# [ASSIGNMENT]
Give a verbatim copy of the data, leaving the pictures out.

# [DATA BLOCK]
######
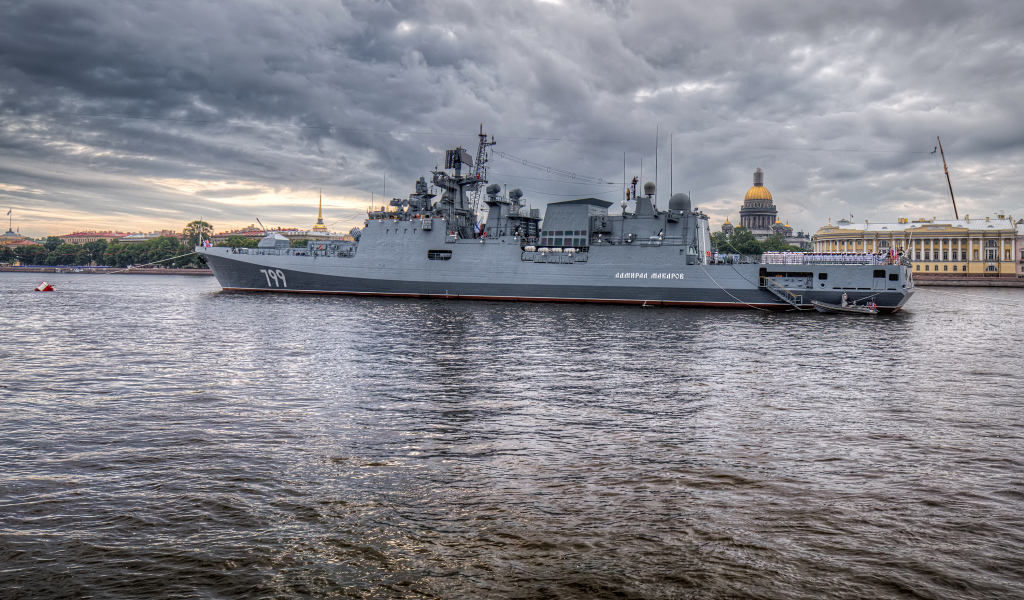 Большой российский фрегат Адмирал Макаров на воде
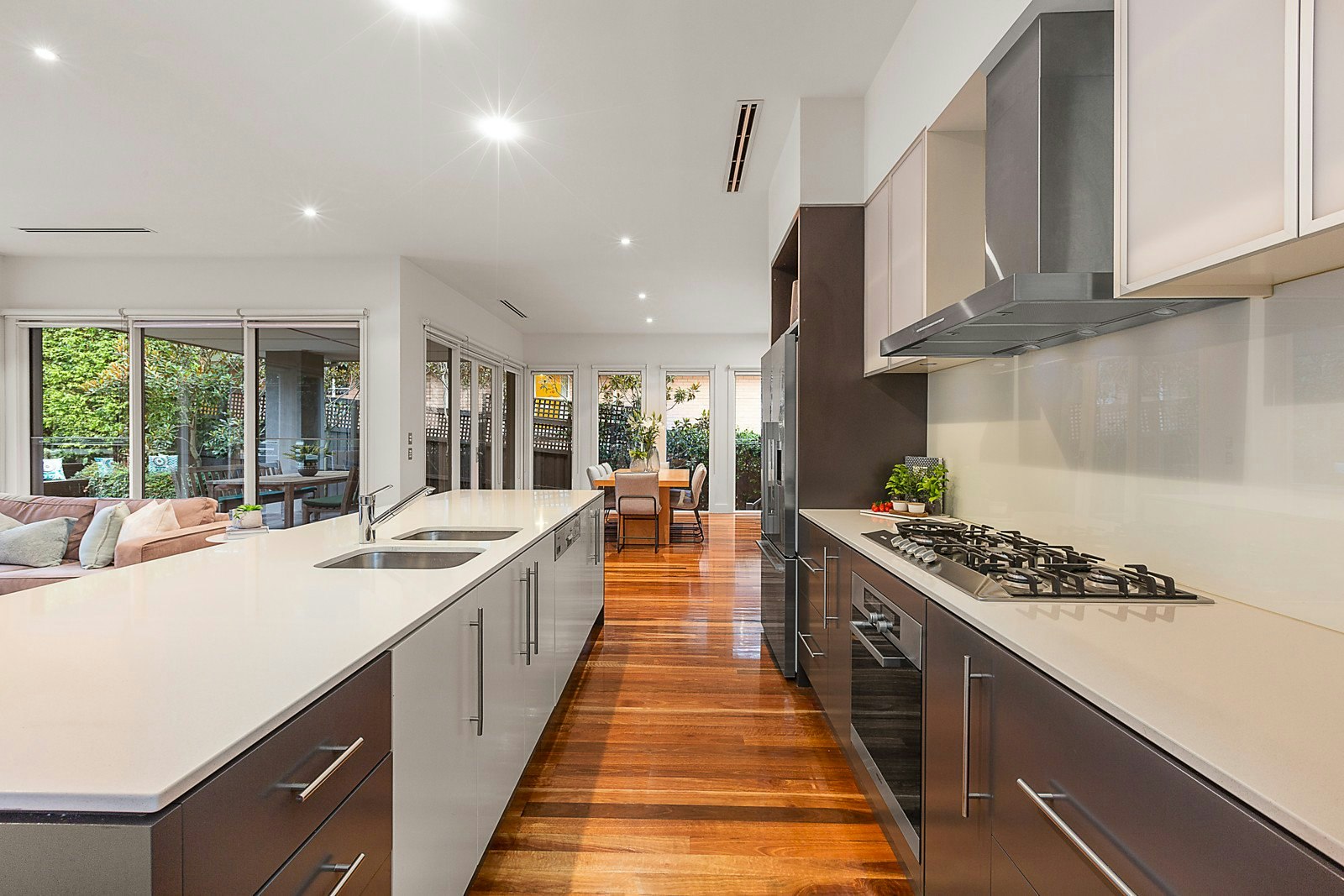 16 Atkins Avenue, Glen Iris, VIC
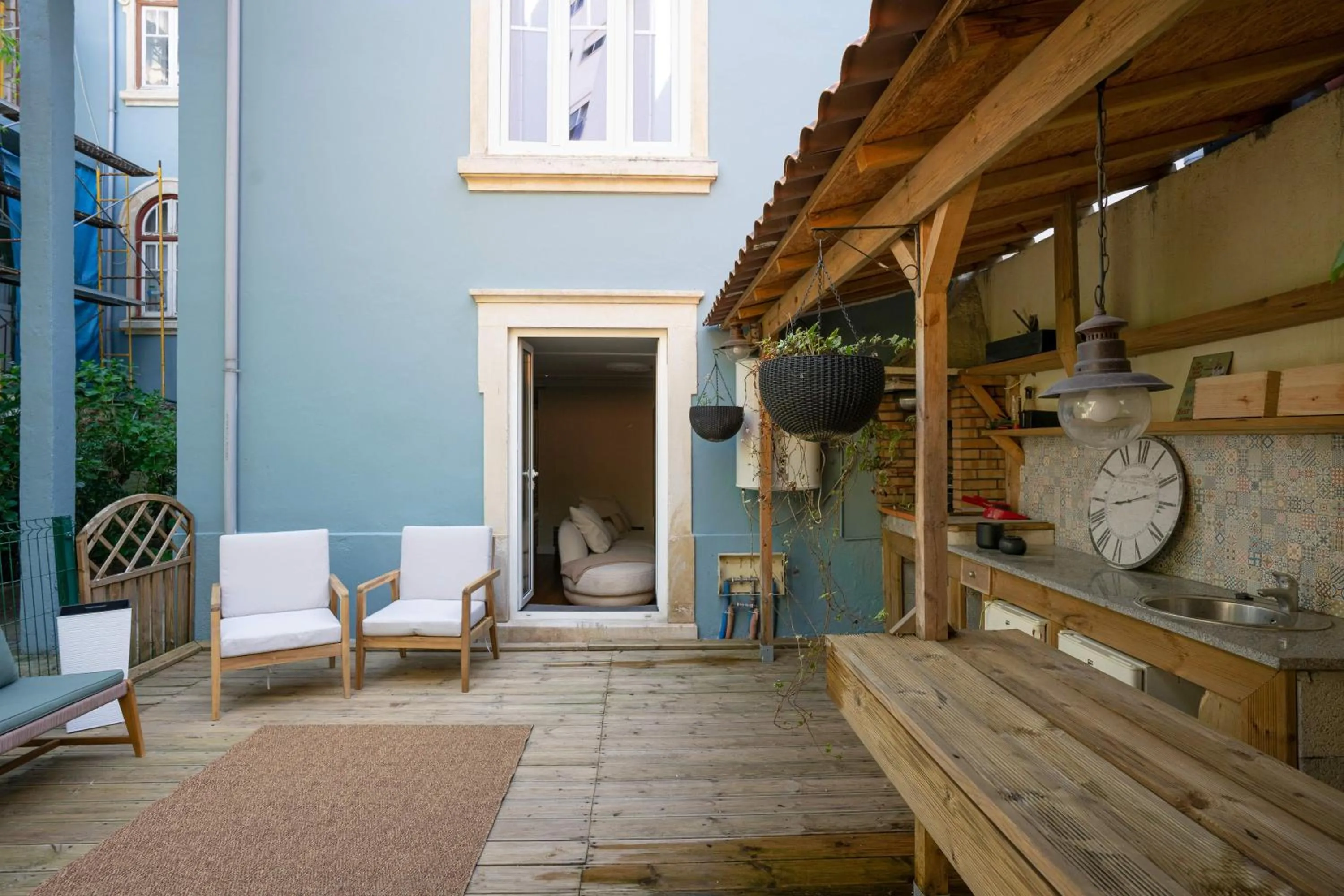 Charming Apt in Historic House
######
# [WRITTEN ANSWER]
 Большой российский фрегат Адмирал Макаров на воде
 16 Atkins Avenue, Glen Iris, VIC
 Charming Apt in Historic House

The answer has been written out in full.